Before we begin, please ensure you are familiar with the following concepts:

  • The Stack and its part in .NET interpreters
  • A brief understanding of MSIL OpCodes. (This link will be your main resource for building handlers).
  • A lot of patience.

#Key Terms and Concepts

  1. IL
    • The list of instructions that represent the .NET code you would like to virtualize.
  2. VMIL
    • The translated instructions that will be ran by your virtual machine.
  3. Runtime (RT)
    • The interpreter that knows how to run your VMIL. This is the virtual machine.
  4. Engine
    • Handles all translation of the original IL into the VMIL.
  5. Instruction Handler (Handler)
    • Located in the RT, it will perform the actions specified by the specified ID.

#Structure

Every virtualizer consists of two major parts:

#Engine

As previously mentioned, the engine handles all translation of the IL into your VMIL. This is often times significantly more complicated than the runtime, although it depends on the complexity of your virtual machine. The stages for a basic virtualizer could be as follows:

  1. Injection
    • The VM is injected into to the target executable.
  2. Translation
    • All of the instructions in a target method will be translated into the virtual machine’s instruction set (VMIL).
  3. Patching
    • The bodies of the virtualized methods will be removed, and replaced with a call entering the virtual machine. The VMIL will also be encoded and stored in the target executable as VMData.
  4. Saving
    • The target executable is saved to disc, now containing the virtual machine and the virtualized code!

#Runtime

The runtime is the actual virtual machine that can understand your custom instruction set.
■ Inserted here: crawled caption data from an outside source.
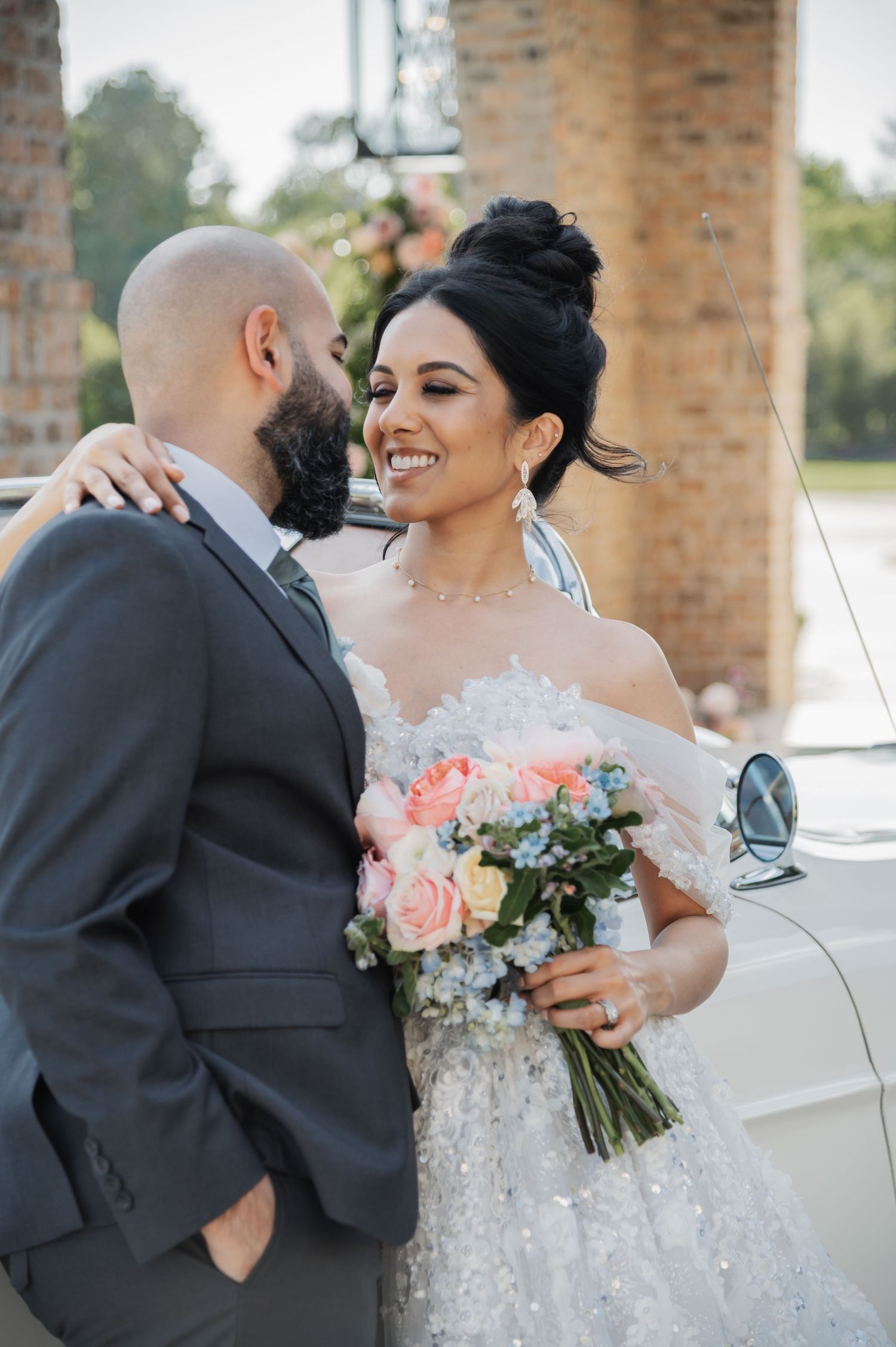 Smiling bride holds a pastel bouquet while embracing her groom near a vintage white car at their wedding.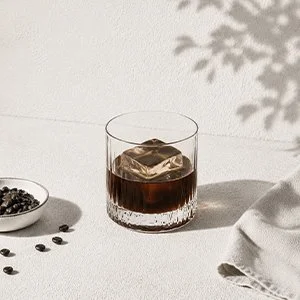 Kaffelikör över en stor isbit i glas – mörk och fyllig kaffelikör med rostade kaffetoner och elegant servering.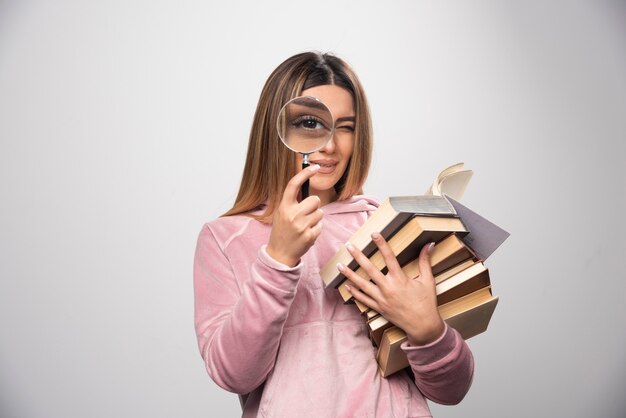 Chica en camiseta rosa sosteniendo una reserva de libros y tratando de leer el de arriba con una lupa.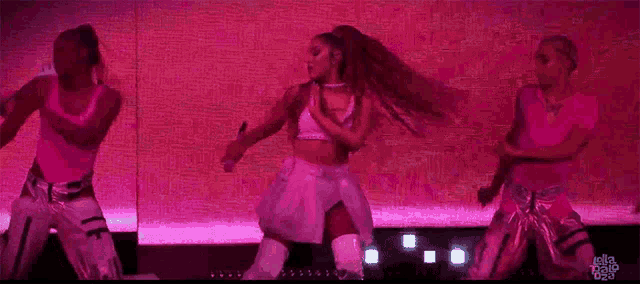 ariana grande is performing on stage with her dancers in pink outfits
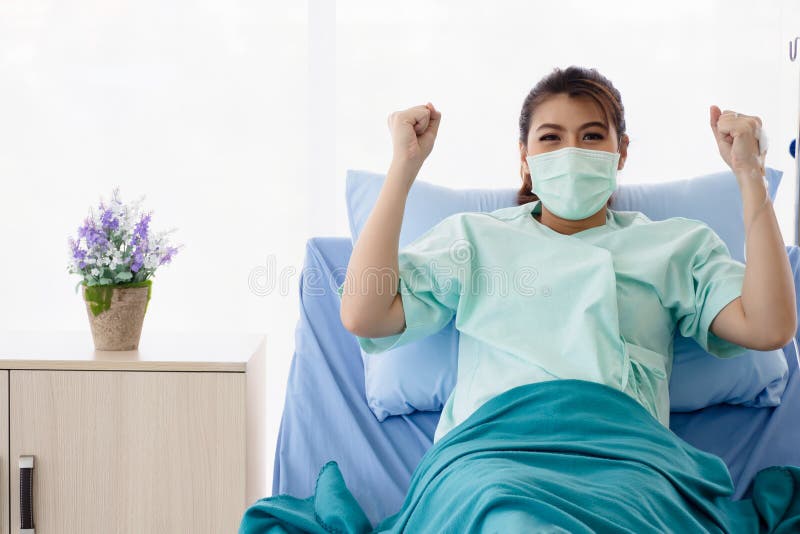 Paciente asiático de las mujeres que se sienta en cama y aumentos de hospital sus brazos La mujer joven recuperarse de enfermedad foto de archivo libre de regalías Paciente asiático de las mujeres que se sienta en cama y aumentos de hospital sus brazos La mujer joven recuperarse de enfermedad foto de archivo libre de regalías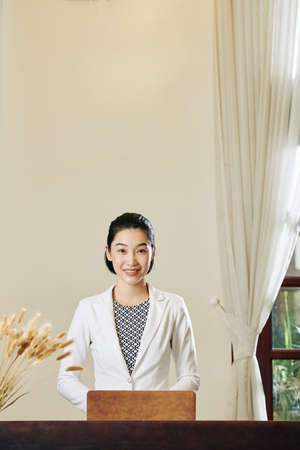 Portrait of young pretty Asian woman standing at reception with opened laptop and smiling at cameraの写真素材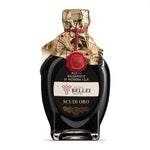 Bottle of Acetaia Bellei Modena I.G.P. balsamic vinegar with gold wrapper on a white background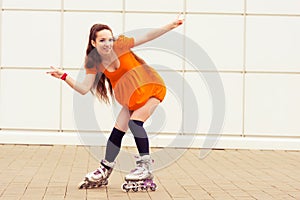 Girl rollerblading in street city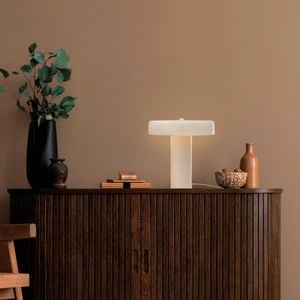Wooden cabinet with decorative items and a flat shaped lamp lit up
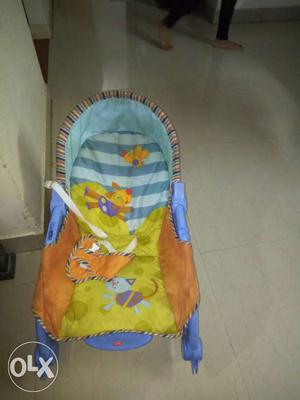 Baby's Yellow,brown And Blue Deluxe Bouncer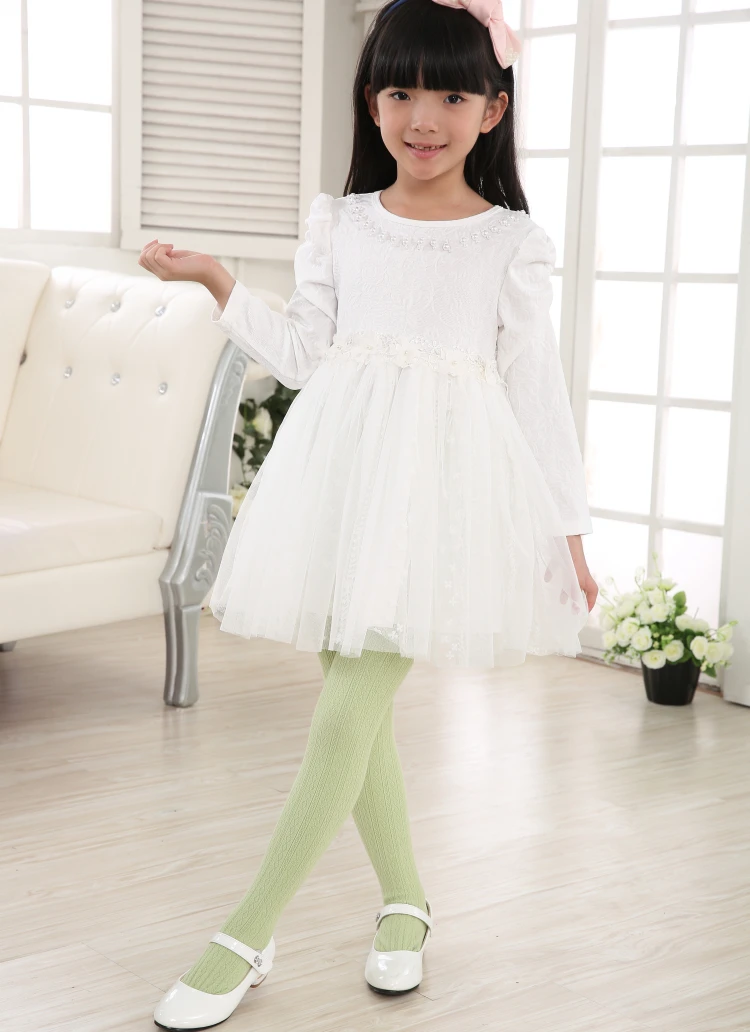 Una niña con un vestido blanco y medias verdes poses para una foto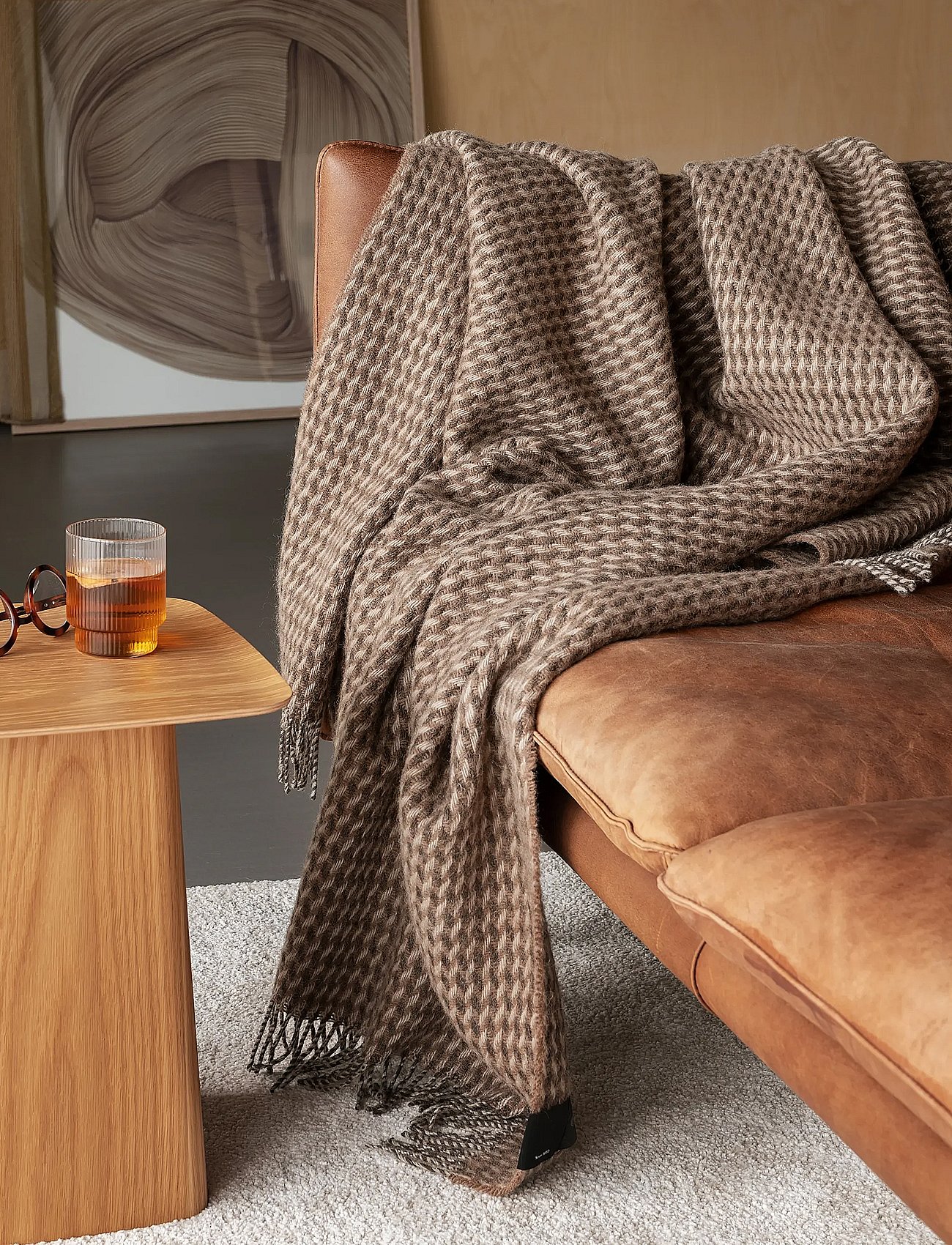Un plaid à motifs marron est posé sur un canapé en cuir. Une table d'appoint en bois accueille un verre et une paire de lunettes.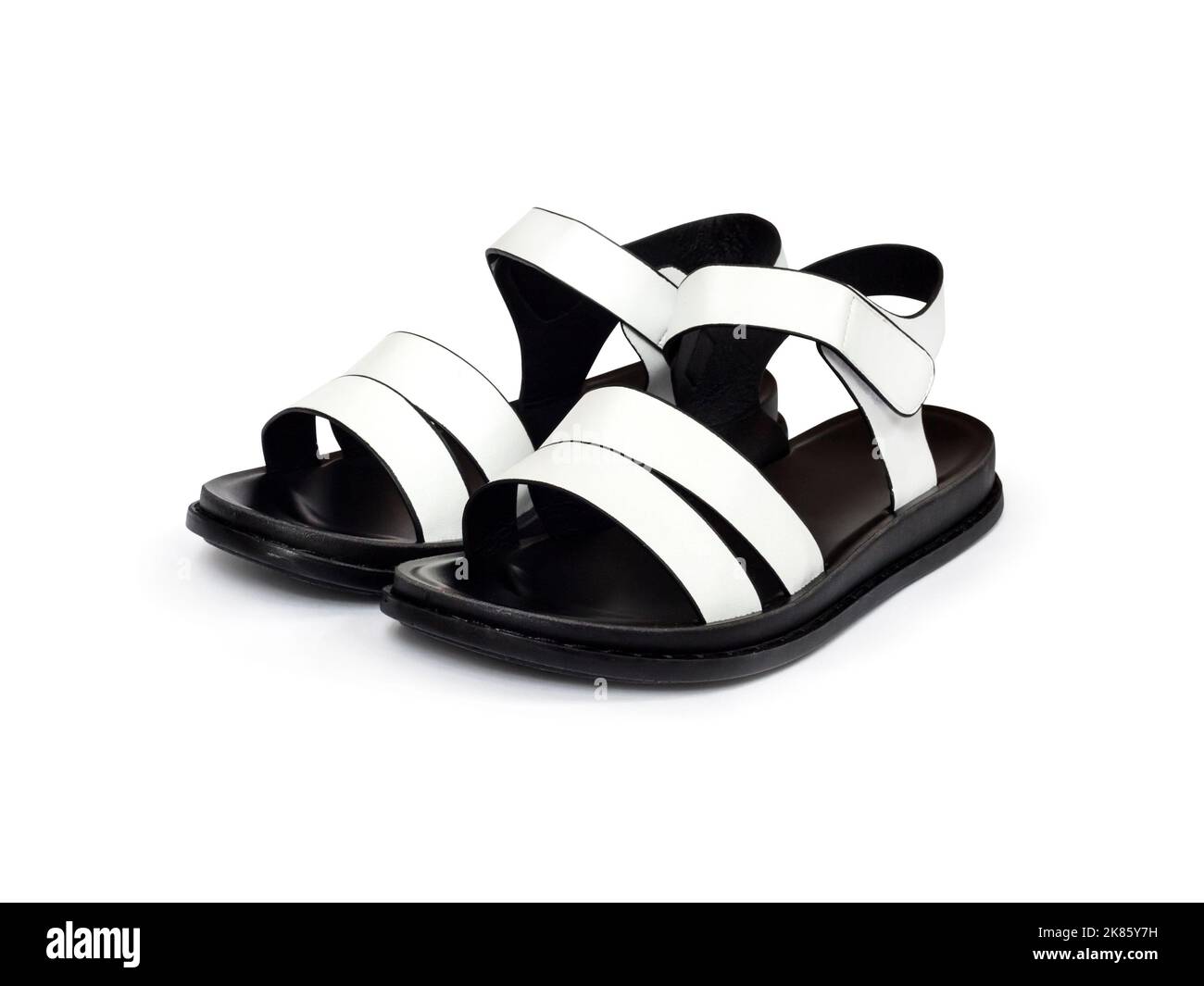 Paar schwarze und weiße weibliche Sandalen isoliert auf weißem Hintergrund mit Clipping-Pfad Stockfoto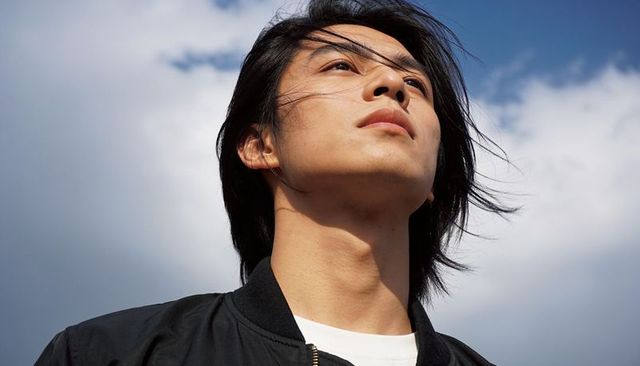 Gazing asian man looking upward at open sky, windblown hair, natural daylight headshot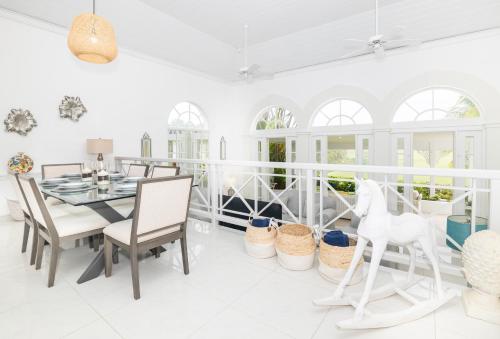 a white dining room with a table and chairs at Royal Westmoreland - Cassia Heights 8 by Island Villas in Saint James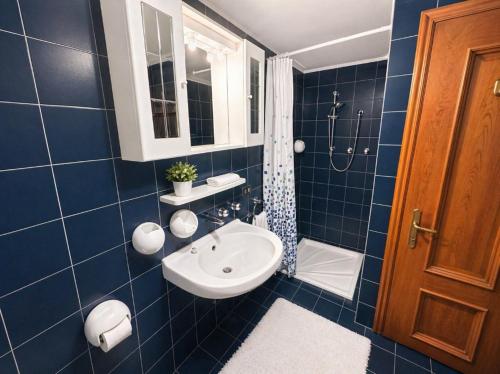 a blue tiled bathroom with a sink and a shower at La Casa del Mare in Caorle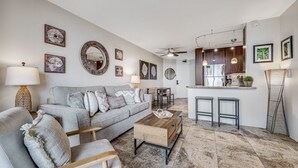 A modern living room with a grey sofa, wooden coffee table, and a kitchen area with a fridge, stove, and bar stools. - Walk To Beach! Beautiful Ocean Views from Condo W/ Lanai, Pool & Hot Tub, BBQ (Kihei)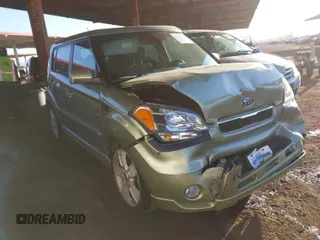 2011 Kia Soul + with VIN KNDJT2A24B7301775, listed as a IAAI auction lot 41623519 with 64,266 mi miles. Bid and sale history available at carsss.com. Image 1.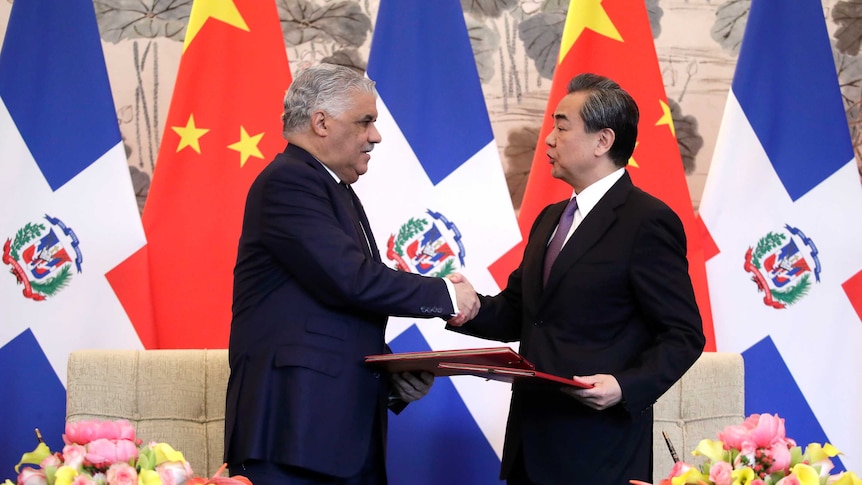 Dominican Foreign Minister Miguel Vargas, left, shake hands with Chinese Foreign Minister Wang Yi.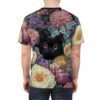 Purple, pink, white, and yellow flowers, along with a black cat with orange eyes, cover this all over print t-shirt.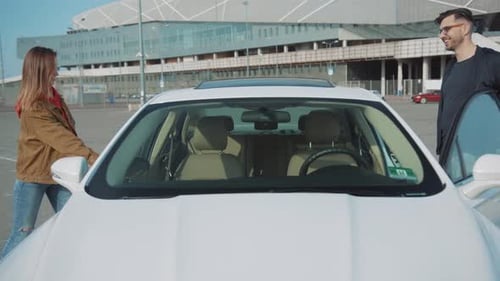 A Stylish White Car is Parked Beautifully in a Modern and Elegant Parking Lot for Various Vehicles
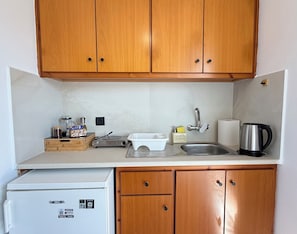 A compact kitchen with wooden cabinets, a stainless steel sink, a coffee maker, a kettle, and a small refrigerator. - Meltemi SeaView Suite (Kos)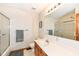A bright bathroom with a glass door shower and wooden vanity at 6205 Albury Dr, Indianapolis, IN 46236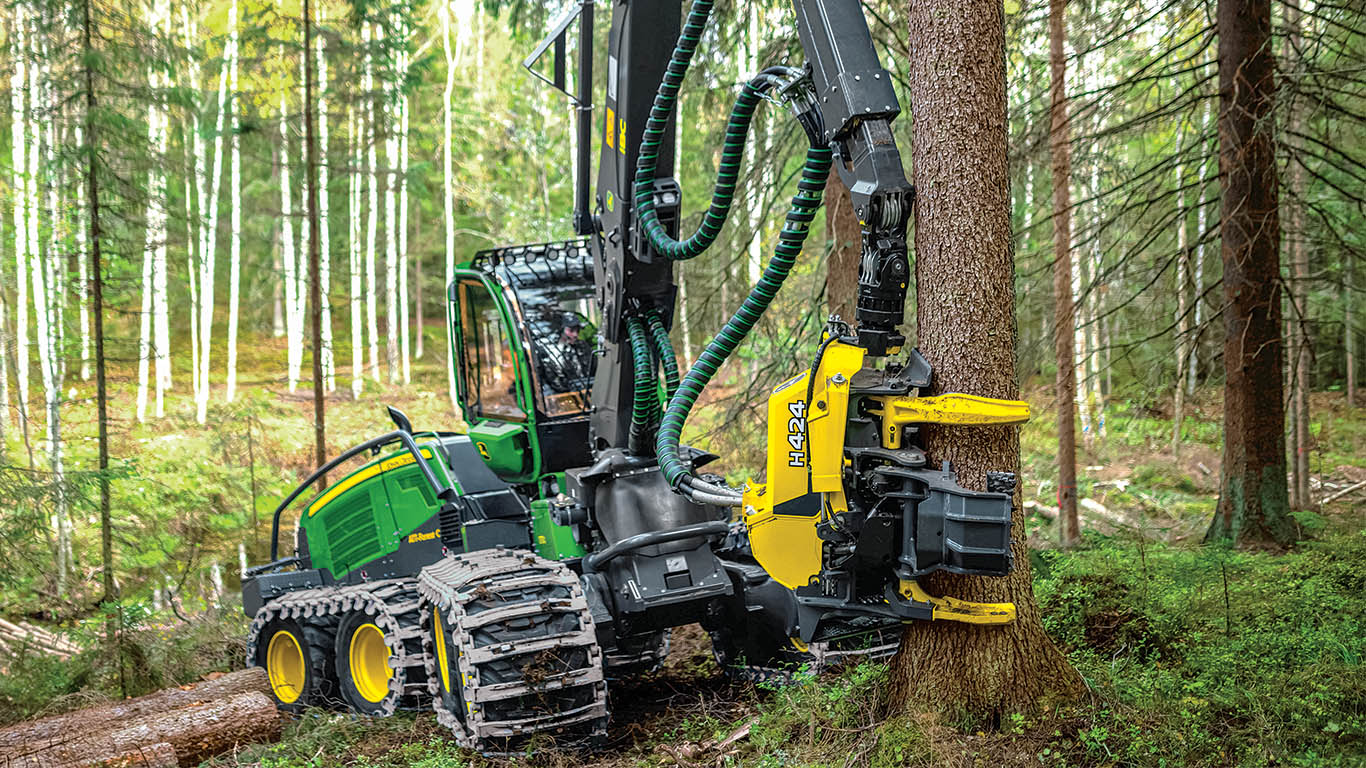 A John&nbsp;Deere wheeled harvester felling a tree in a snowy forest.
It will contain a point of entry into the VM to begin execution of the virtualized instructions. A typical VM Runtime Entry Routine could look as follows:

  1. Extract the VMData.
  2. Initialize the Context for the handlers to use.
  3. Loop through all instructions in the virtualized method’s body:
    • Locate the associated handler with the instruction.
    • Invoke said handler with the instruction’s operand.
  4. Return.

#Conclusion

Congratulations! You have finished the first article in this series of articles teaching you how to write a virtualization engine. I hope this has helped deepen your understanding of not only what goes into a code virtualizer, but some of the fundamentals behind them! In the next article, we will get into some unique cases that you may run into when attempting to emulate some instructions in the msil instruction set. I will also provide some ideas regarding optimization and custom instructions. Happy coding!